BACKGROUND AND PROCEDURE
The parties stipulated that there would be a unified record; that is, all evidence and testimony would be applicable to the Administrative Complaint proceeding and to the rule challenge proceeding. Oral testimony was received from Lt. Col. Carmody, FHP; Lt. Wessels, FHP; Howard Kauff, Harold Murphy, and Donald Lyons. DHSMV's Exhibits 2-9 were admitted. DHSMV withdrew its proposed Exhibit 1. Murphy's and Lyons' Exhibits 1-4 were admitted in evidence.

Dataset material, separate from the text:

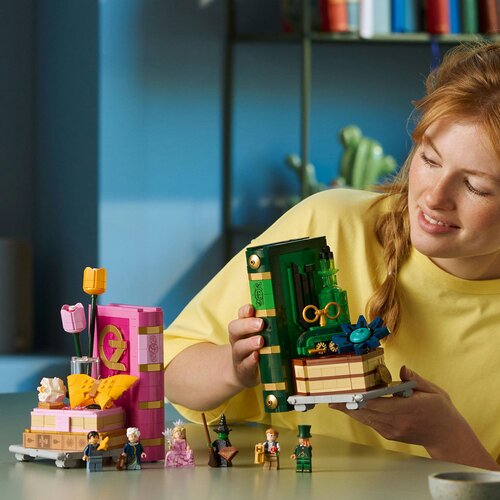 Lego LEGO&amp;reg; Wicked - Knjižni opori Glinda in Elphaba (75691) Slike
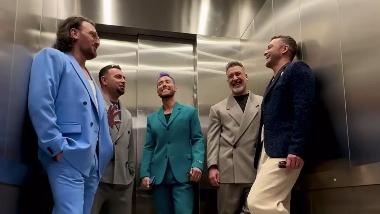 Imagem da banda NSYNC em um elevador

A transcript of proceedings was provided and the parties have submitted proposed findings of fact and conclusions of law, the proposed findings of fact of which have been ruled upon in the appendix hereto pursuant to Section 120.59(2), Florida Statutes.
FINDINGS OF FACT
The parties do not dispute that DHSMV's grant of authority stems from Section 321.051, Florida Statutes (1987) which in its entirety provides as follows:
321.051 A wrecker operator system for removal of wrecked, disabled, or abandoned vehicles.-- The Division of Florida Highway Patrol of the Department of Highway Safety and Motor Vehi- cles is authorized to establish within areas designated by the Patrol a system utilizing qualified, reputable wrecker operators for removal of wrecked or disabled vehicles from an accident scene or for removal of abandoned vehicles, in the event that the owner or operator is incapacitated or unavailable or leaves the procurement of wrecker service to the officer at the scene. All reputable wrecker operators shall be eligible for use in the system provided their equipment and dri- vers meet recognized safety qualifications and mechanical standards set by rules of the Division of Florida Highway Patrol for the size of vehicle it is designed to handle.
Duly promulgated Rule 15B-9.003(2), Florida Administrative Code, which has been challenged in this proceeding, provide:
To be eligible for approval to tow in a particular zone, the wrecker operator's place of business must be located in that zone, except that if there are no qualified opera- tors in a particular zone, the Division Director or his designee may designate qualified out of zone wrecker operators to be called in that zone.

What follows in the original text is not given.